Calculating Post-Collision Momentum and Speed of Two Balls

[ShaddollDa9u]

Homework Statement

Homework Equations

I have thought about using the momentum formulas here.

The Attempt at a Solution

As the momentum is a conservative quantity, I have thought that p (before collision) = p(after collision).
Since p (before collision) = 12, I wanted to use that result to find p (after collision) and then find the speed of the ball B.
So p(after collision) = ma x v + mb x v = 12
So 12 = v ( 2 + mb)
However I have two unknown variables here, so I can't find the speed and obviously, the mass of the ball B.

 

[TSny]

Suppose you take the positive direction to be toward the right. Do both balls have the same sign of momentum after the collision? Did you take this into account?

Try to use all the information in the problem. What does "perfectly elastic collision" mean to you?

 

[RedDelicious]

Do you know what it means for the collision to be perfectly elastic?

 

[ShaddollDa9u]

Wikipedia says "An elastic collision is an encounter between two bodies in which the total kinetic energy of the two bodies after the encounter is equal to their total kinetic energy before the encounter."

So according to that, we will also have :
(1/2)ma*va² + (1/2) mb*vb² = (1/2)ma*va'² + (1/2) mb*vb'² (where va' and vb' are the speed after the collision)
So we have 36 = v² * (1 + m/2 )

Then I planned to use the first equation found (12 = v ( 2 + mb)) and solve the system to find the speed and the mass, is that correct ??

 

[TSny]

Wikipedia says "An elastic collision is an encounter between two bodies in which the total kinetic energy of the two bodies after the encounter is equal to their total kinetic energy before the encounter."

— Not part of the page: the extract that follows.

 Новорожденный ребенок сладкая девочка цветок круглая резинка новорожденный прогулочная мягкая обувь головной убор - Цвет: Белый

So according to that, we will also have :
(1/2)ma*va² + (1/2) mb*vb² = (1/2)ma*va'² + (1/2) mb*vb'² (where va' and vb' are the speed after the collision)
So we have 36 = v² * (1 + m/2 )

Good.

Then I planned to use the first equation found (12 = v ( 2 + mb)) and solve the system to find the speed and the mass, is that correct ??

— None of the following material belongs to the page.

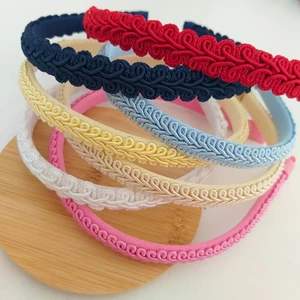 Tiara Renda Bordado Color Luxo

This equation is written incorrectly. Please see the first part of post #2.

 

[ShaddollDa9u]

I couldn't get it, does the sign of the momentum of A is inversed after the collision ?

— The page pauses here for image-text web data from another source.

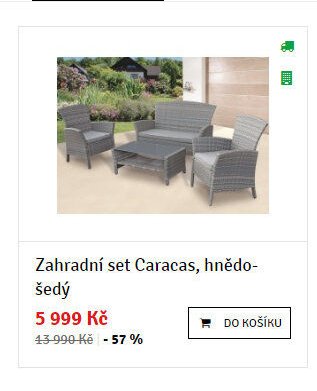 Zahradní set Caracas, hnědo-šedý - ASKO akcniletaky.com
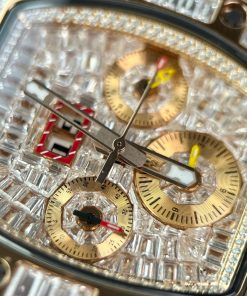 Richard Mille RM011 Replica Watches Best Quality Full Diamonds 44mm (1)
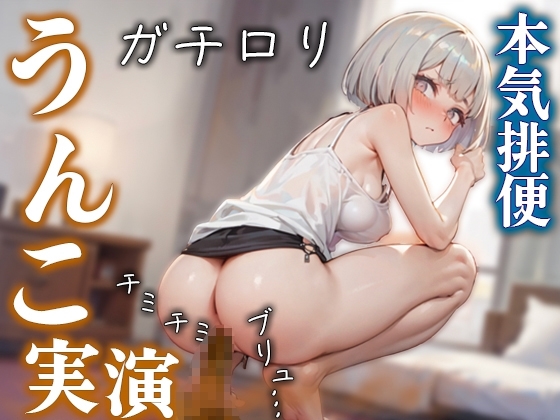 【ユルユルうんこ・おなら】ガチ○リの本気排便♪ 優しい声とゆるゆるアナルのギャップは絶対抜けます!!『あ、出ちゃいそう・・・ブリュウウウ・・・』 の表紙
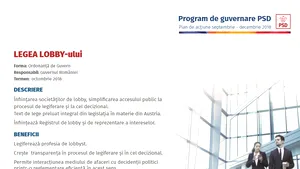 PSD discută la Neptun despre necesitatea unei legi a lobby-ului | DOCUMENT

So ma * va + mb * vb = - (ma * va') + mb * vb' ??

 

[TSny]

I couldn't get it, does the sign of the momentum of A is inversed after the collision ?

So ma * va + mb * vb = - (ma * va') + mb * vb' ??

This is correct if va' and vb' represent the final speeds of the particles.

If you are uncertain about this, we can discuss it in more detail.

 

[I have a Dream]

m1v1/(m2-m1)=V
This mass thing is getting to my head. Are you still trying to figure it out?